Developing and recognizing my values is a great place to start.
We hope it's a helpful exercise! When someone first asked me to identify my values, I realized how interesting it felt never to have explored it before. It has been a guiding principle since.
Really really interesting and deep conversation... What makes someone a worthwhile human being... I saved this one to listen to again. ❤
glad you liked it
Thank you for your honesty
Hi Sarah and Stefanie! You make me smile so much with your good sense of humour. I love how you complement each other to talk about a topic. I really appreciate the atmosphere you create is so organic and full of respect. I just love it!!! Here in Chile people judge you for your appearance 100% when you don't follow the cultural standards of society. I also think that self-confidence plays a very important role in how people perceive and treat you. In my opinion, a confident person can be incredible attractive regardless his/her appearance. Because you can have the appearance tha society expect from you but if you are not confident when you talk to people, they won't take you seriously (I am thinking in a man talking business in a meeting for example). I hope it makes sense. I can't wait to listen to this episode on spotify 👍❤🇨🇱
Hey Andrea,
Welcome! I am so glad you are enjoying the podcast. I agree about confidence. If someone is confident in their own skin I find that a very attractive quality in a person. Maybe it starts with accepting ourselves first before we can get it from others ❤️
thank you so much for this feedback. I think a lot of our presentation is about our energy, and the way we make people feel.

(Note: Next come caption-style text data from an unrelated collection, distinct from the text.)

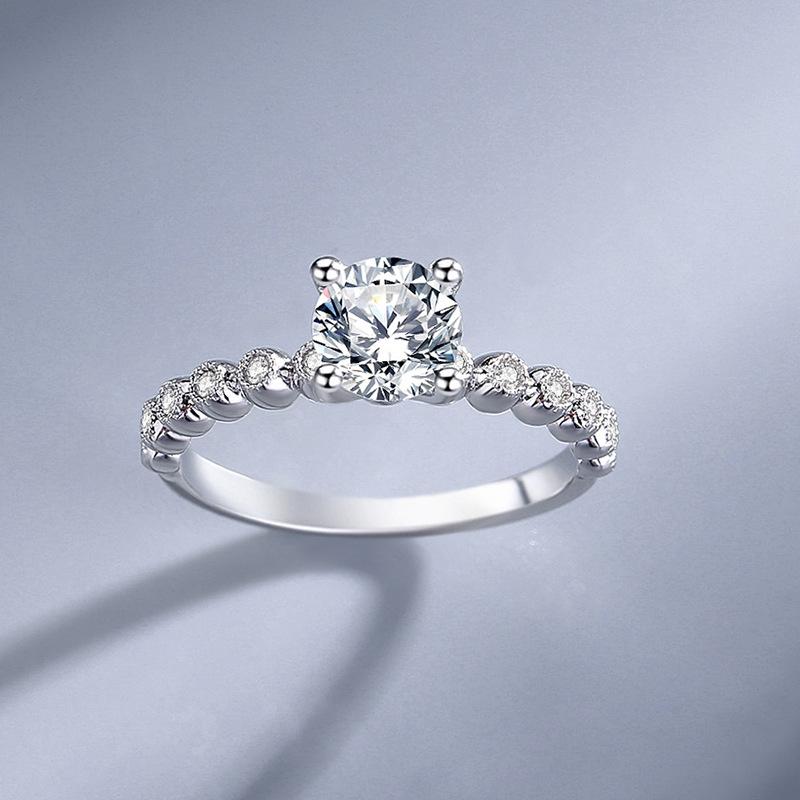 【#124】925 Sterling Silver Four Claw 1CT Moissanite Ring 1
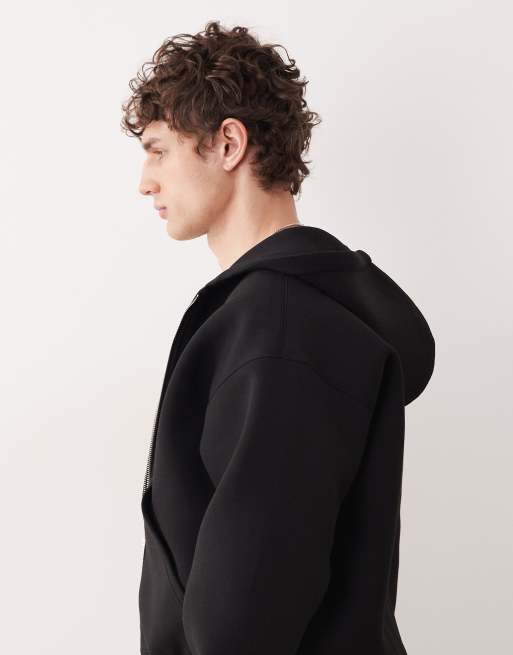 Weekday - Simon - Sweat à capuche zippé en imitation néoprène - Noir, 4 de 5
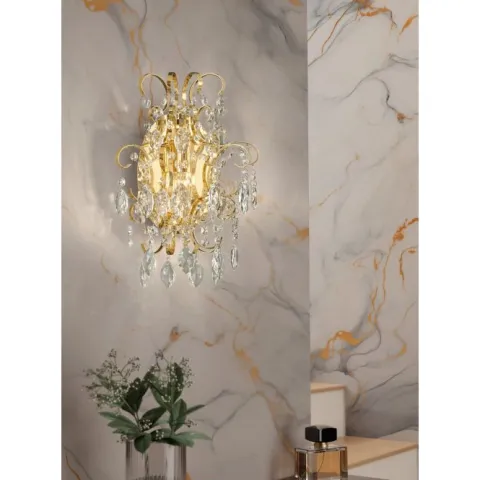 Aplique de Parede em Metal Dourado e Cristal FENOULLET 1 EGLO 39604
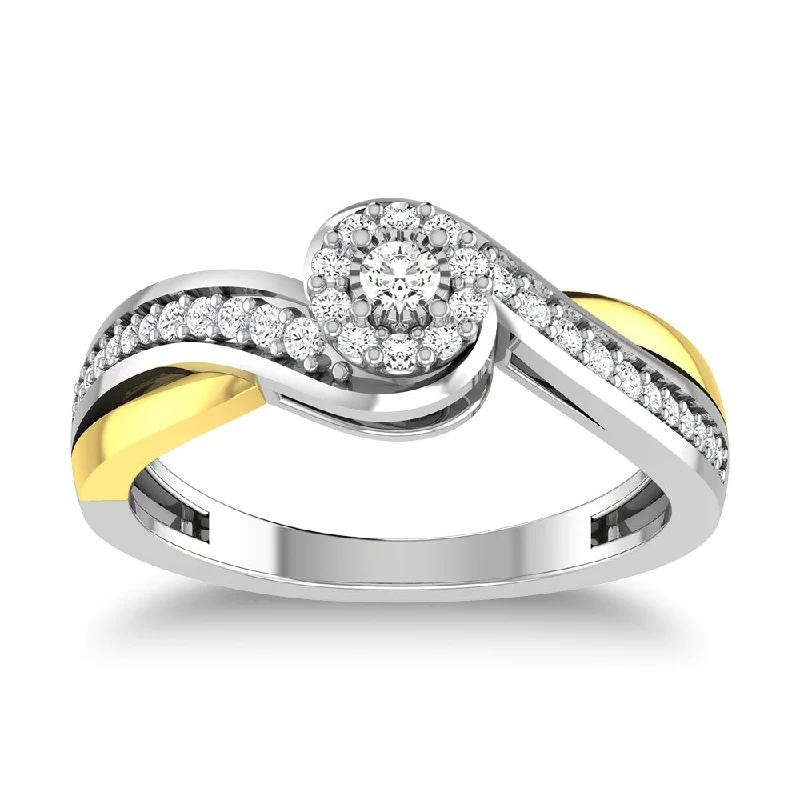 statement ladies rings-10K White Gold 1/4 Ct.Tw. Diamond Twisted Ring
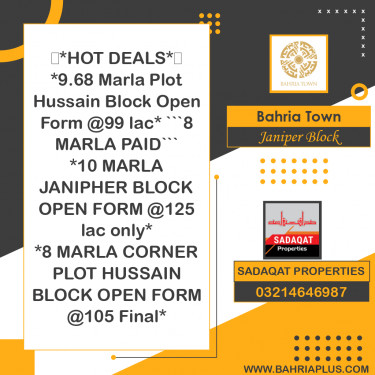 10 Marla Residential Plot for Sale in Sector C - Janiper Block -  Bahria Town, Lahore - (BP-373009)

love ur podcasts so much!!!
this is one of my favorite episodes although i really love every single one of them. this resonates with me so much. letting go is something that i struggle with so much. ur podcasts help me so much in terms of reevaluating my values and what truly matters.
So much of this resonated with me, it's a challenging subject to navigate but I feel more clarity around some feeling I have struggled with. I did make it to the end with you and your laughter is a bonus 😂💖
ahh Anne this comment makes me happy. Thank you for listening (especially to the end) and for letting us know that this resonates and offers clarity.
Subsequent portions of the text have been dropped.